The Ismaili Centre, Dushanbe (Маркази исмоилия, Исмаилитский центр), is one of six Ismaili Centres worldwide and an Ismaili jamatkhana. It was the fifth purpose-built Ismaili Centre, and the first in Central Asia.

== Background ==
Dushanbe is the capital of Tajikistan, a country characterised by an unusually extensive Ismaili population for over a thousand years. The region of Badakhshan, which spills over northeastern Afghanistan, eastern Tajikistan and North Pakistan, is the only part of the world where Ismailis make up the majority of the population. Under Soviet rule, the religion was discouraged, but since 1991 has increased its public prominence, and the Personal Representative of the Ismaili imamate has been granted full diplomatic status. In May 1995, Aga Khan IV became the first Aga Khan known to have visited the region, invited by the governments of Tajikistan and Kyrgyz Republic.

== Function ==
The Centre is both representational of traditional architecture within the region, and ambassadorial through the social and educational programming offered.

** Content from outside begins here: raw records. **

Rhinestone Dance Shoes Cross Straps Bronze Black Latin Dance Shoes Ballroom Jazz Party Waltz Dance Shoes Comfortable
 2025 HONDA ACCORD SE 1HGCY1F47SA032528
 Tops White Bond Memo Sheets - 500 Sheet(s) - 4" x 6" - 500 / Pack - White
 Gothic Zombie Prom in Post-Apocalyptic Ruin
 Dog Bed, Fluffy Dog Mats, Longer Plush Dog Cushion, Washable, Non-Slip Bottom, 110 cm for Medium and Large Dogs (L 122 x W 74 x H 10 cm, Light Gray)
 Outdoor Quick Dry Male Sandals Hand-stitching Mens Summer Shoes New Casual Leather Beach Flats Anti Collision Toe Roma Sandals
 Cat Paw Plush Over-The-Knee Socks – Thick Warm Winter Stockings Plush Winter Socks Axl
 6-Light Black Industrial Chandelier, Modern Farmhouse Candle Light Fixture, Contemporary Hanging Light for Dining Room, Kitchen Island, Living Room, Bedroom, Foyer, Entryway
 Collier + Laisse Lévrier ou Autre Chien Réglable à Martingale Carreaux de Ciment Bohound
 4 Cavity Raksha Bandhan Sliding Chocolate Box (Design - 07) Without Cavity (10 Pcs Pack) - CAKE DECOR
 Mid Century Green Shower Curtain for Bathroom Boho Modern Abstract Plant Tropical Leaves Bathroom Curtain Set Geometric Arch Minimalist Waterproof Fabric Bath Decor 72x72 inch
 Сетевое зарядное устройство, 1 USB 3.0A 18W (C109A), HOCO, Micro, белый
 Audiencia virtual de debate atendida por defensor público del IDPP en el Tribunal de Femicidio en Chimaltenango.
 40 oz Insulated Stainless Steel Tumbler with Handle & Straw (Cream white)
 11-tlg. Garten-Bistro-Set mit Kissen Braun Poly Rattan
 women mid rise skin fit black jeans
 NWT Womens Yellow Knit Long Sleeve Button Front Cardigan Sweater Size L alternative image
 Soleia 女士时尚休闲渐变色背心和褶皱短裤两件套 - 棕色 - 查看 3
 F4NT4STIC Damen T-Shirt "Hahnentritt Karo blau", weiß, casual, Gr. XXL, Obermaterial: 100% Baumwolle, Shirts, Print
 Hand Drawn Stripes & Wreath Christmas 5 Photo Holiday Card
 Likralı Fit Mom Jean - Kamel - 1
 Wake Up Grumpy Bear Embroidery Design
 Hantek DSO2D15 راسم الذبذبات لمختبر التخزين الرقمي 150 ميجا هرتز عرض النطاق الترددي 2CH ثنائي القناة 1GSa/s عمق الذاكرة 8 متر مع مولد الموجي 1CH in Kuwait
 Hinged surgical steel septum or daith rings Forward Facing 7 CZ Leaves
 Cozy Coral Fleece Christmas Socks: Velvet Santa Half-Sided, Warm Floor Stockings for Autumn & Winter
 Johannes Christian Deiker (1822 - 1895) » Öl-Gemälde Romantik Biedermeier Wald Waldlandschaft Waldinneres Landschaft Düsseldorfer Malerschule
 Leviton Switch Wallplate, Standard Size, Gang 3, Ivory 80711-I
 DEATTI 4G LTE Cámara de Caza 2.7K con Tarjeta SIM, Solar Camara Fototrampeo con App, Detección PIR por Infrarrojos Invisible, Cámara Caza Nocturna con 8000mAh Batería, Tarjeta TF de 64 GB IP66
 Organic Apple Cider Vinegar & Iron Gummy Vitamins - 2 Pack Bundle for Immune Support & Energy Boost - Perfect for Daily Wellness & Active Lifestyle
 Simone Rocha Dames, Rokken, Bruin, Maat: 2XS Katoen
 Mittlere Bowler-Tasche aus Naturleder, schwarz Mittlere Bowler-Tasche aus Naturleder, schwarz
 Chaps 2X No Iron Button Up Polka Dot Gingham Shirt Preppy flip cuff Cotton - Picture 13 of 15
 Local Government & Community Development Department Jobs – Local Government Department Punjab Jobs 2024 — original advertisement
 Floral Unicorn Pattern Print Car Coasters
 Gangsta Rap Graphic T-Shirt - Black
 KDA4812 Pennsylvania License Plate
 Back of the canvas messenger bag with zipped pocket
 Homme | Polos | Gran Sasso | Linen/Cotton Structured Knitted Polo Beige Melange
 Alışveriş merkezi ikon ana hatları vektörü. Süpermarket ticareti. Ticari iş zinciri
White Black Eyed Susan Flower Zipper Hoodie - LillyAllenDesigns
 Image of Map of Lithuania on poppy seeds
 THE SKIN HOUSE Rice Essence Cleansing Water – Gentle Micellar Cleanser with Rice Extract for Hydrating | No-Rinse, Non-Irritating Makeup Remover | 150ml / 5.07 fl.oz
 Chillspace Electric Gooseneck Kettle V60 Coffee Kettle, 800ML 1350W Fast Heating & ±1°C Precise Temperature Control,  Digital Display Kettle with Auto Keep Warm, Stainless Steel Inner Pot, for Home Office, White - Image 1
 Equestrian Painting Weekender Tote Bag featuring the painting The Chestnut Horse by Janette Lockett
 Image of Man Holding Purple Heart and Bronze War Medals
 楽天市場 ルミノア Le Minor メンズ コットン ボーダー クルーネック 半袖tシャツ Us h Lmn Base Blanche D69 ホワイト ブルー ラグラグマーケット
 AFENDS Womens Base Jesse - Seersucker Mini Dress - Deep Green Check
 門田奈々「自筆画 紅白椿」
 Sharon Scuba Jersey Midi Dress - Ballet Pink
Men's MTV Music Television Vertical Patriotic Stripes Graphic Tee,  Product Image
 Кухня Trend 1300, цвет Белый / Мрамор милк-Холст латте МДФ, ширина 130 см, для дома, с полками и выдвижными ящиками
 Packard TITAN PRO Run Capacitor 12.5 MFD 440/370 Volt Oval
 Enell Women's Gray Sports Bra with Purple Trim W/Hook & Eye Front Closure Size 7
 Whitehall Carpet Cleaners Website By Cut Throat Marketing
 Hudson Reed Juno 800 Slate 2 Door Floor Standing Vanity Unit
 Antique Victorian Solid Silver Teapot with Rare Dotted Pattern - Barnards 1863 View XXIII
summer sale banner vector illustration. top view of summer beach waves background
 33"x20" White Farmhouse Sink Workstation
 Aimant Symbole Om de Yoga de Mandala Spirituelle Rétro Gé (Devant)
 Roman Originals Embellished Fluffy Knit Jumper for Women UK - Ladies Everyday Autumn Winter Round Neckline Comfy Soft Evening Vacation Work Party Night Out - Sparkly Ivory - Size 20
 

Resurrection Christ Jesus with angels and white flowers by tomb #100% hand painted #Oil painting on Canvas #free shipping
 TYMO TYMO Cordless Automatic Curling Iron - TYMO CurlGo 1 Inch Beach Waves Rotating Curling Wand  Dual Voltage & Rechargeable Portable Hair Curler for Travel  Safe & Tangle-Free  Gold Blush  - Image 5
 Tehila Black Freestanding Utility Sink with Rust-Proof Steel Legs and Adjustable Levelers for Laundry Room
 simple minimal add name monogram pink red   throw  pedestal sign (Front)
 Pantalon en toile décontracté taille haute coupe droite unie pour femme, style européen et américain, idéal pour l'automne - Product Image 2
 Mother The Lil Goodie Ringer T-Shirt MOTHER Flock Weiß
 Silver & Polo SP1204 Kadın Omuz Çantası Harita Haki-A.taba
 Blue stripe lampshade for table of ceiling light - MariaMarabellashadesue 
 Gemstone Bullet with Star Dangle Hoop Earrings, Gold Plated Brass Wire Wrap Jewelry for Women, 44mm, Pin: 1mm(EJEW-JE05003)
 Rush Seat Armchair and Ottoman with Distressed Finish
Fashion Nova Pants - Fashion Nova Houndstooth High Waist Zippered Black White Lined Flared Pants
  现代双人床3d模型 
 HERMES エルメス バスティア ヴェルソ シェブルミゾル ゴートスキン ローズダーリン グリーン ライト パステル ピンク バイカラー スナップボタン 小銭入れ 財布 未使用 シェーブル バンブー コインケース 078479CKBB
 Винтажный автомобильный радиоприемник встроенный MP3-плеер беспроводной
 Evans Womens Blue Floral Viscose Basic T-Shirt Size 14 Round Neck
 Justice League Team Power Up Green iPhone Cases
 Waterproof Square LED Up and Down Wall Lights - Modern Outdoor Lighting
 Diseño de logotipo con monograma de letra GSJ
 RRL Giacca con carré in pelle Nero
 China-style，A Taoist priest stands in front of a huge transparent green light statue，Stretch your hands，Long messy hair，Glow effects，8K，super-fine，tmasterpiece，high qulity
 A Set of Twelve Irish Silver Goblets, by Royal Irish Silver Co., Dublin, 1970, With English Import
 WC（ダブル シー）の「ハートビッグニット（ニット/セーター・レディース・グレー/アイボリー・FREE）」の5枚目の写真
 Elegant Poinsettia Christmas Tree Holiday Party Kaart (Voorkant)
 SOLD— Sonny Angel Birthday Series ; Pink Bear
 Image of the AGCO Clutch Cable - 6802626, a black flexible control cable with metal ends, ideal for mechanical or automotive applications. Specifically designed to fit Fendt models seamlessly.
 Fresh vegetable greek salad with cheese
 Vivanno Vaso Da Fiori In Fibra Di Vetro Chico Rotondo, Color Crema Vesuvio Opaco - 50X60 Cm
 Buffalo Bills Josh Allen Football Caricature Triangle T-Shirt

Following extensive development work for Ismaili people in Tajikistan, the Centre was inaugurated on 12 October 2009 by the Aga Khan and the Tajikistani president, Emomali Rahmon (though as of 2013 not all of its planned functionality had been implemented). The Centre has given the traditionally peripheral Ismailis a prominent architectural focus in the capital city, while retaining the Ismaili Centres' customary sense of seclusion for those within the building, and is a mark of the increasing integration of Tajik Ismailis into the global Ismaili community. The Centre was designed 'to become part of the fabric of the civil life of the area', with the ambition of spiritual and intellectual advancement, and accordingly includes not only facilities for worship, but also for conferences, lectures and cultural performances (including translation booths, enabling simultaneous multilingual delivery of events) to encourage reciprocity in learning.

== Architecture ==
The site of the Centre is located on Ismoili Somoni Avenue, named in honour of Tajikistan’s national hero and founder of the early 10th century Samanid dynasty.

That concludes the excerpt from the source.